548519 [main] ERROR org.xmlcml.ami2.plugins.MatcherResult  - groupList (6; [a significant episode in the evolution of terrestrial biotas (125–80 Ma) in which the taxonomic div, ersification of angiosperms and the resulting new food resources spurred co-evolutionary radiations of, ersification of angiosperms and the resulting new , food,  resources spurred co-evolutionary radiations of, insects and some terrestrial vertebrates (e.g., herbivorous dinosaurs; Lloyd et al. 2008). Wilson e]) does not match fieldList (4;[food, pre, word, post])
556129 [main] ERROR org.xmlcml.ami2.plugins.MatcherResult  - groupList (6; [medium-sized and large individuals, indicates important niche partitioning between these carnivorou, s dinosaurs. The top predators at the acme of the food chain were represented by three large theropods,, s dinosaurs.

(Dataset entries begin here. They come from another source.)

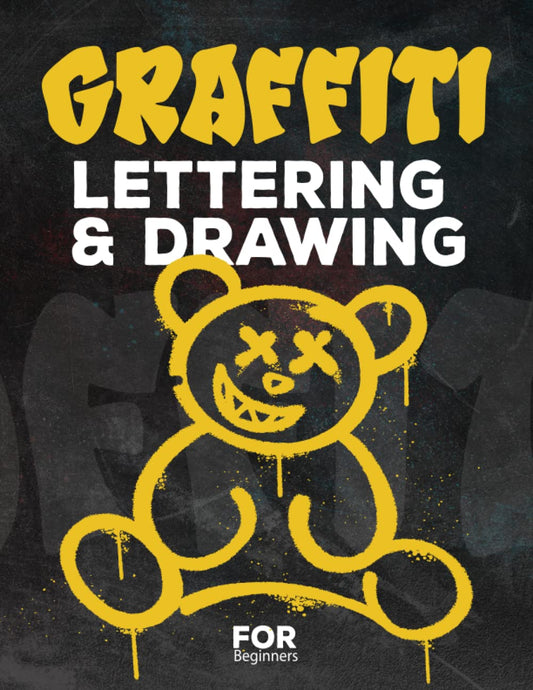 Graffiti Lettering & Drawing for Beginners: Learn to Master Tags, Wildstyle Technique, the Graffiti Alphabet from A to Z/ Street ... Step by step- Gift For Teen, Boys And Girls / ART6 - 9442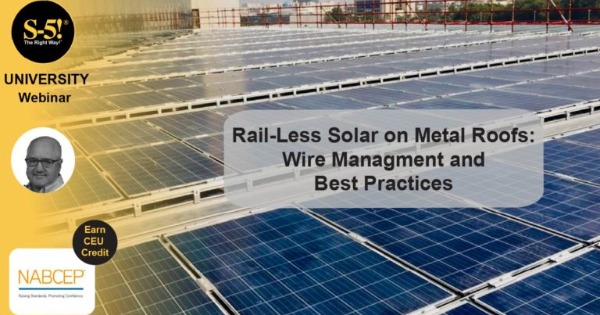 S-5! - Rail-Less Solar on Metal Roofs: Wire Management & Best Practices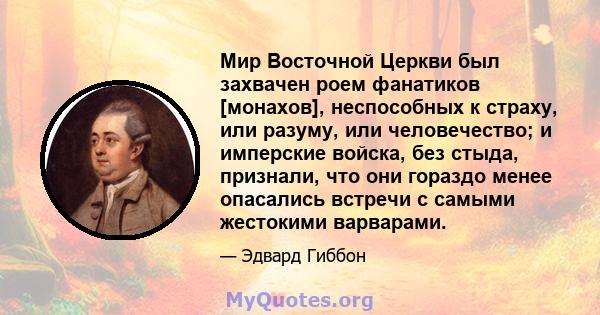 Мир Восточной Церкви был захвачен роем фанатиков [монахов], неспособных к страху, или разуму, или человечество; и имперские войска, без стыда, признали, что они гораздо менее опасались встречи с самыми жестокими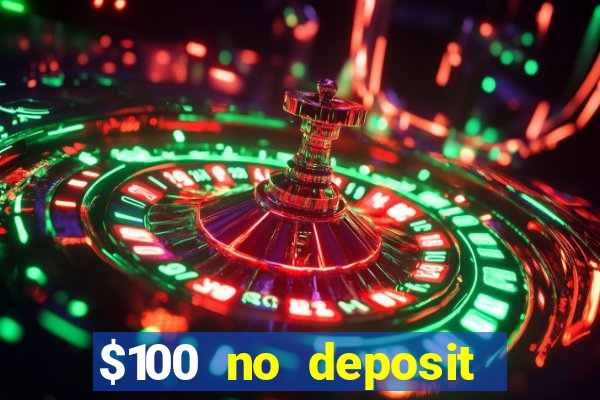 $100 no deposit bonus codes casino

The top predators at the acme of the , food,  chain were represented by three large theropods,, Lourinhanosaurus, Ceratosaurus and Allosaurus, and a very large form, Torvosaurus, functionally and]) does not match fieldList (4;[food, pre, word, post])
572041 [main] ERROR org.xmlcml.ami2.plugins.MatcherResult  - groupList (6; [With a minimum length of 612 mm, the maxilla of Torvosaurus gurneyi pertains to a very large indivi, dual positioned at the apex of the food chain in the Late Jurassic ecosystem of Iberia., dual positioned at the apex of the , food,  chain in the Late Jurassic ecosystem of Iberia., The maxilla occupies 52% ( Allosaurus) to 61% ( Yangchuanosaurus) of the skull length in the larges]) does not match fieldList (4;[food, pre, word, post])
chreman commented 9 years ago

Found the error, had to remove pre and post from the regex.xml

<compoundRegex title="dinosaurfood">
<regex weight="1.0" fields="food">([Ff]ood)</regex>
<regex weight="1.0" fields="sustentation">([Ss]ustentation)</regex>
</compoundRegex>

and add it with --context 50 50

petermr commented 8 years ago

Another aspect of testing/cleaning regex